Lower latencies are a good thing, of course, but how much can they really improve system performance? Are exotic, low-latency DIMMs worth the price premium? Read on as we explore the effects of memory latency on Athlon 64 performance in synthetic memory benchmarks, games, and real-world applications.
Before diving into our benchmark results, it's worth taking a moment to go over how memory access works and where the various latencies come into play. Memory is organized like a spreadsheet, with data stored in cells that can be identified by a corresponding column and row. Spreadsheets can also be made up of multiple sheets, and similarly, memory can be made up of multiple banks. If we want to access a specific cell of memory, the system must first activate the sheet, or bank, containing the desired row. Next, the system sends an active command to the desired row. Once the row is activated, the system can issue read or write commands to specific columns in the row. When reading or writing has been completed, a precharge command is sent to close the row.

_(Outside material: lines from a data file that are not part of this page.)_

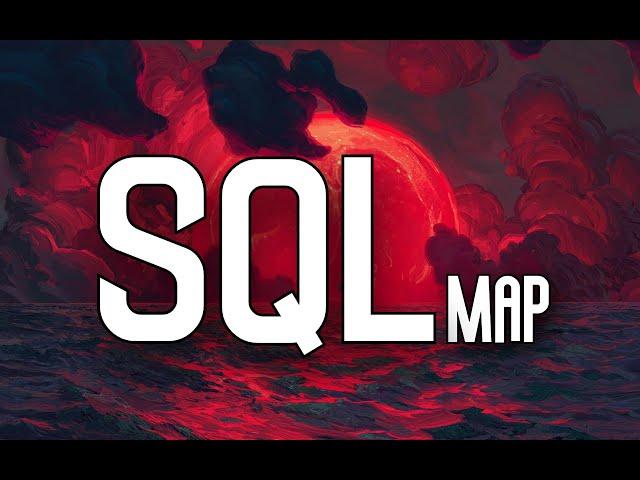 شرح أداة SQLi #4 | SQLmap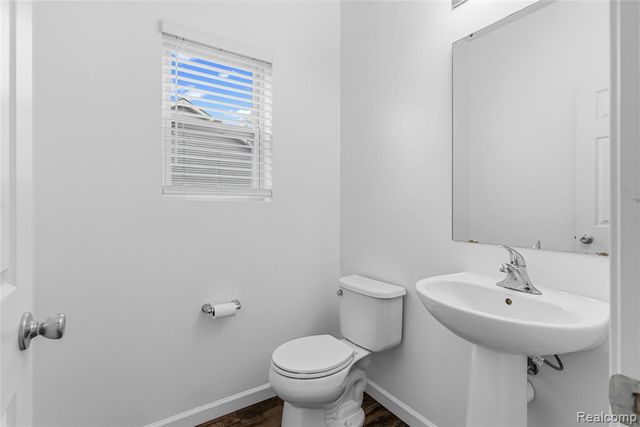 3069 Oxford Lane, Flushing, MI 48433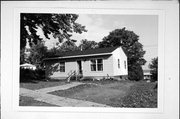 124 N 2ND ST, a Minimal Traditional house, built in Bayfield, Wisconsin in .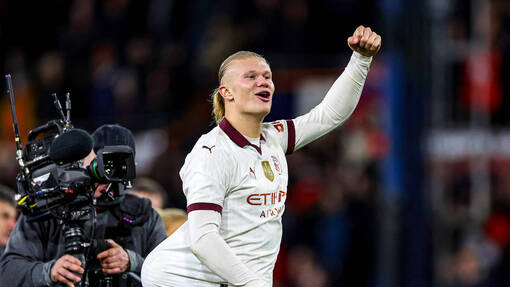 Прогноз на матч Манчестер Сити — Манчестер Юнайтед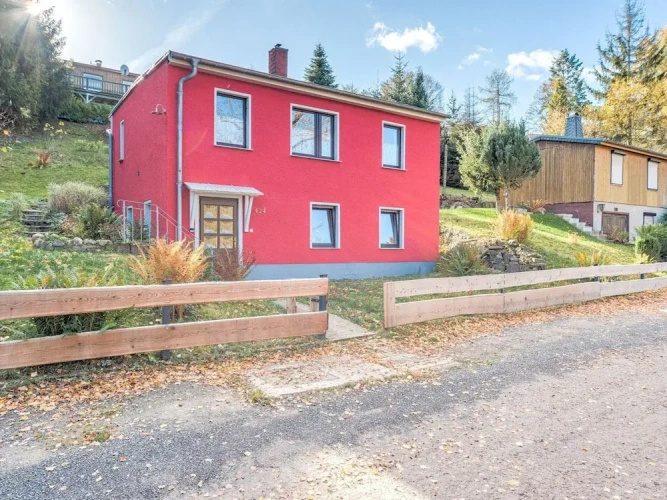 2 Bedrooms Deluxe Cottage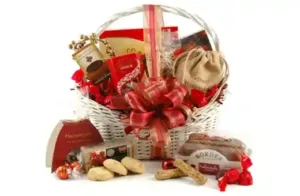 Chocs Cookies Gift Basket Robert Dyas Chocs Cookies Gift Basket Robert Dyas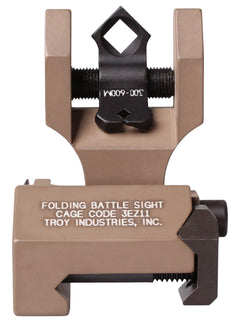 TROY SSIG-DOA-RFFT-00   DOA REAR FLD SGHT FD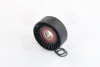 Ролик генератора BMW 3/5/7 E46/60/65 01- (натяжний) (70х25) (MPQ0206) MAGNETI MARELLI 331316170206 (фото 1)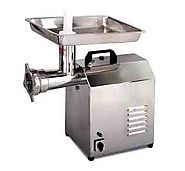 Commercial Meat Grinders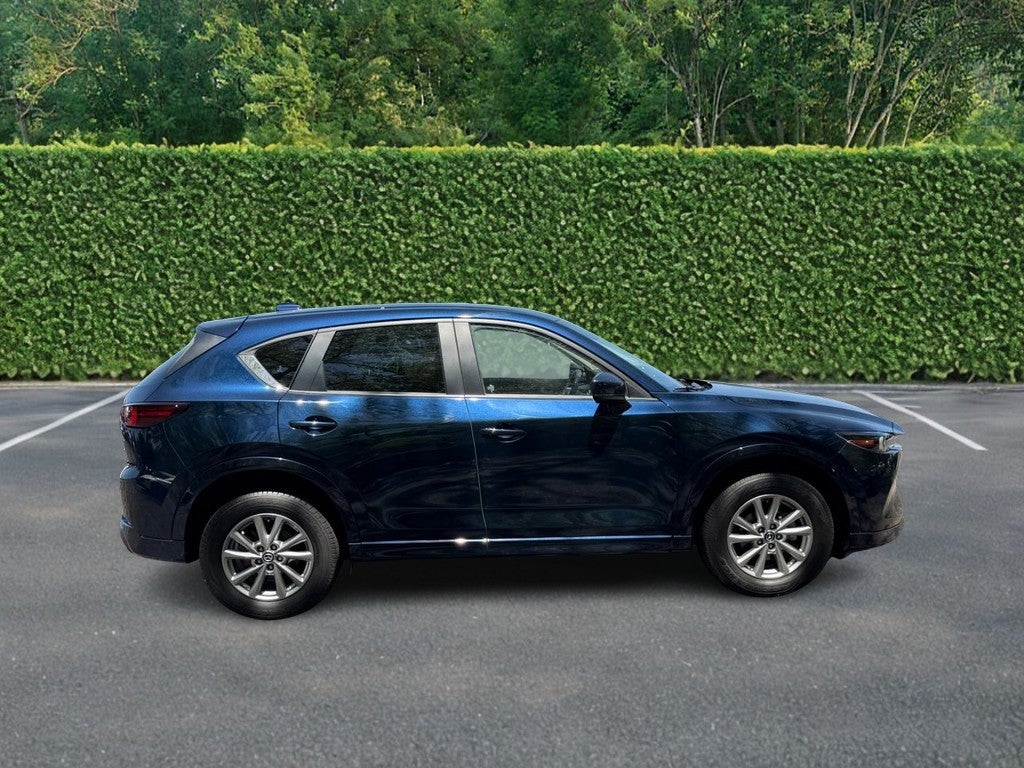 2024 Mazda Mazda CX-5 2.5 S Preferred Package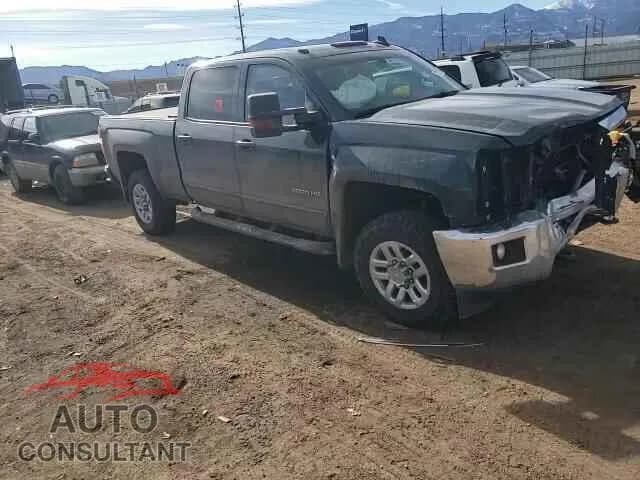 2017 CHEVROLET ALL Models Damaged VIN 1GC1KVEG6HF199694 – photo 14 2017 CHEVROLET ALL Models Damaged VIN 1GC1KVEG6HF199694 – photo 14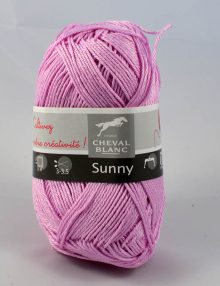 Sunny 63 svetlá ružová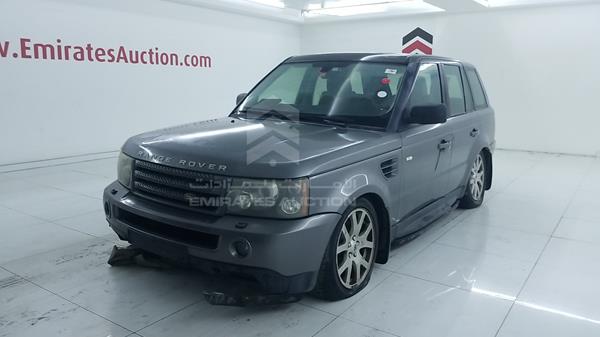 Photo 4 VIN: SALLSAA549A198835 - RANGE ROVER SPORT 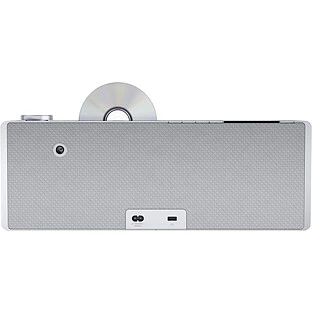 Беспроводная аудиосистема LOEWE Klang S3  Smart Radio 120W  Light Grey арт. 60608S10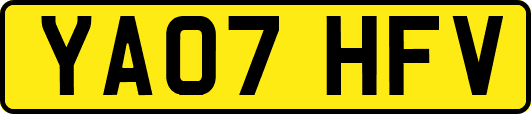 YA07HFV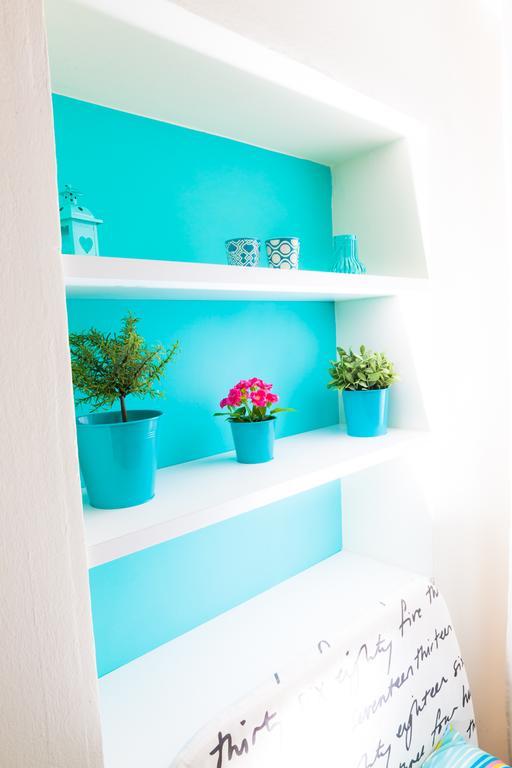 B&B Arcobaleno アレッサンドリア 部屋 写真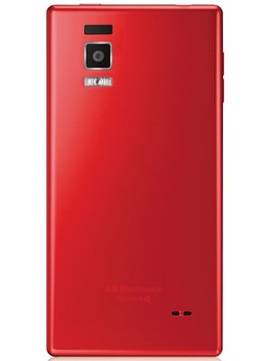 LG Optimus GJ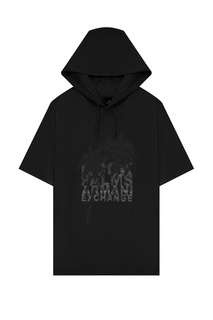 Футбо ARMANI EXCHANGE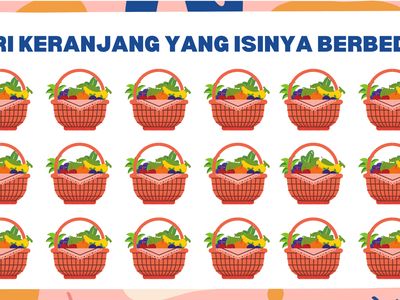Pengisi Waktu di Sela Macet Arus Balik, Masih Sanggup Pecahkan Teka Teki?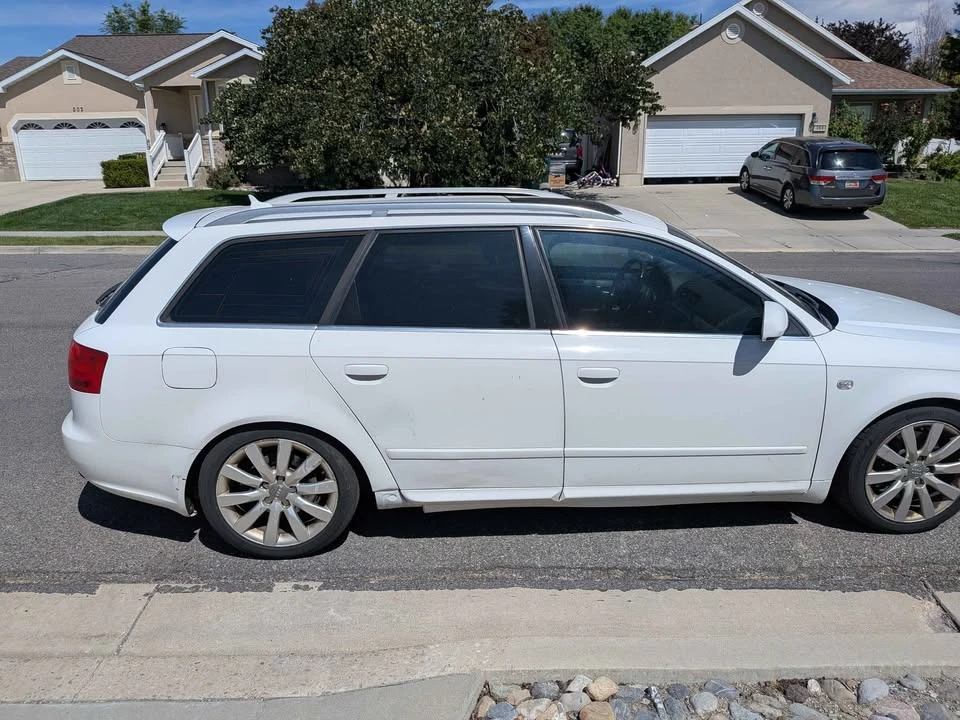 2008 Audi B7 A4 - Image 3 of 9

There are delays between each of the steps in memory access. These delays are referred to as latencies and expressed as a number of clock cycles. Here's a brief explanation of some of the most common, and important, memory timing parameters that affect access latencies:
Since latencies refer to delays, lower is better. That doesn't mean you should hop into your motherboard's BIOS and set each memory timing option to its lowest possible value, though. Memory modules are rated for a specific set of latencies at a given clock speed, and they're generally not stable with lower latencies. A DIMM's latencies are usually expressed as a series of four hyphenated numbers corresponding to the CAS latency, RAS-to-CAS delay, RAS precharge, and active-to-precharge delay. Low latency DDR400, for example, is generally rated for 2-2-2-5 timings at 400MHz. That refers to two cycles of CAS latency, RAS-to-CAS delay, and RAS precharge, and five cycles of active-to-precharge delay.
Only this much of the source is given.